= Beginning of Section =

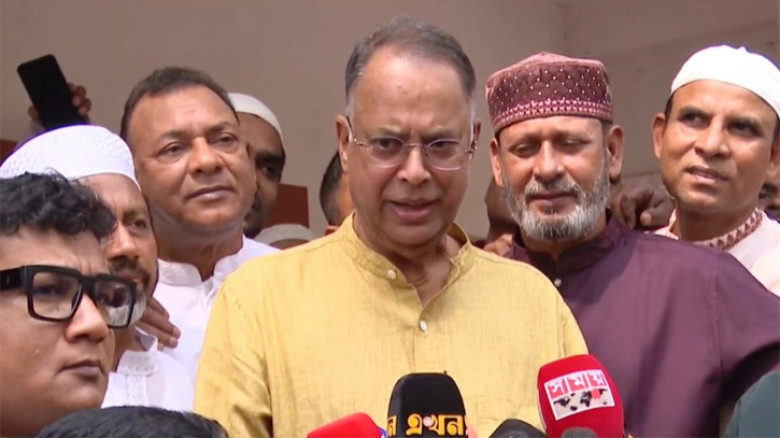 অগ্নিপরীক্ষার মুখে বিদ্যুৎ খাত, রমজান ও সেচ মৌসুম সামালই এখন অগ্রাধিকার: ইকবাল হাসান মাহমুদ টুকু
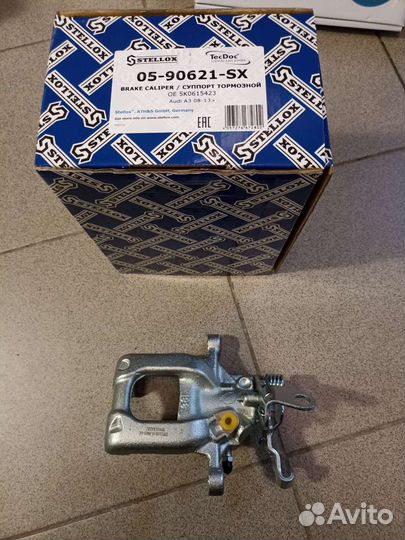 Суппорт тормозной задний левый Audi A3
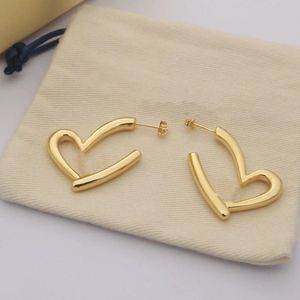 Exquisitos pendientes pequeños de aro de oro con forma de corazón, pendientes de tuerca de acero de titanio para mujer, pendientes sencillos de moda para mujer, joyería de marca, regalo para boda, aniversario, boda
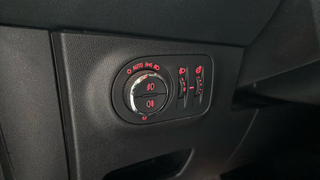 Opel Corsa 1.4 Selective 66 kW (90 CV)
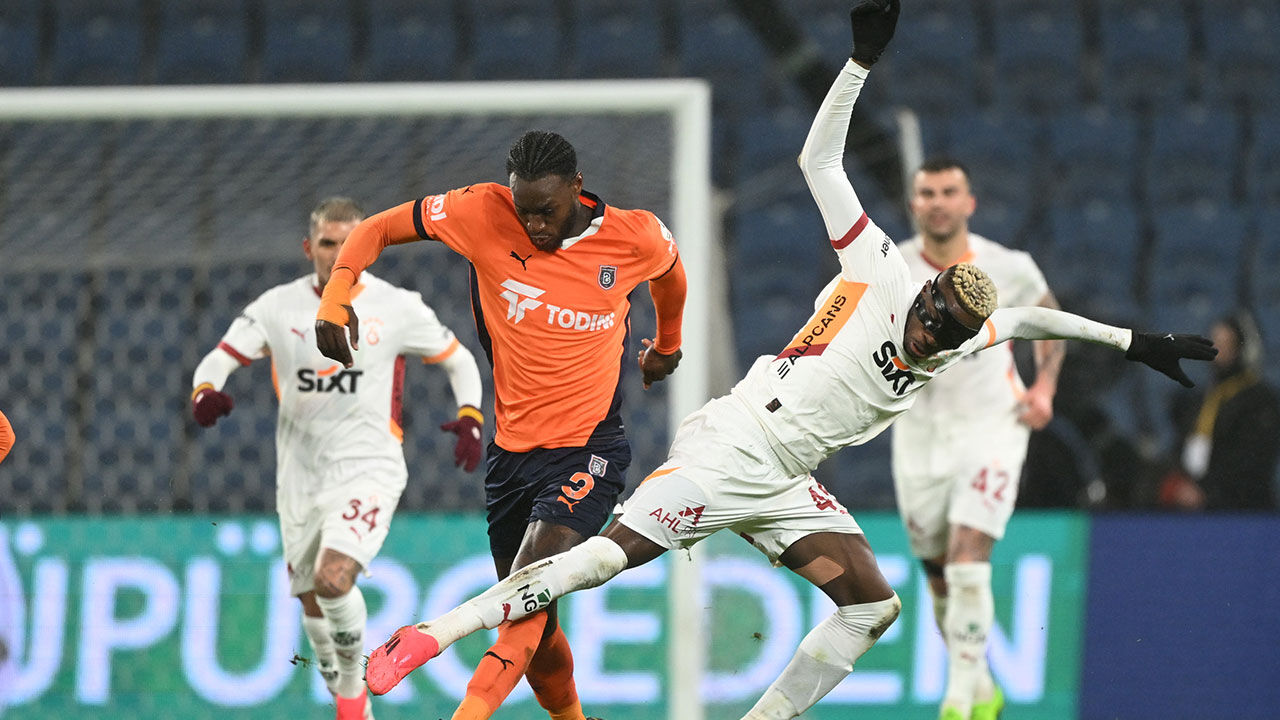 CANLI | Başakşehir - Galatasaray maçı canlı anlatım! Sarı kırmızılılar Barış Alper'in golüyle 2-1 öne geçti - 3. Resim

= End of Section =

▸ REQUIRED ACTION: Every line from the one containing "Exquisitos pendientes pequeños" through the last line of the data is to be retyped exactly, with nothing added and no pictures included.

▸ YOUR RESPONSE:
 Exquisitos pendientes pequeños de aro de oro con forma de corazón, pendientes de tuerca de acero de titanio para mujer, pendientes sencillos de moda para mujer, joyería de marca, regalo para boda, aniversario, boda
 Opel Corsa 1.4 Selective 66 kW (90 CV)
 CANLI | Başakşehir - Galatasaray maçı canlı anlatım! Sarı kırmızılılar Barış Alper'in golüyle 2-1 öne geçti - 3. Resim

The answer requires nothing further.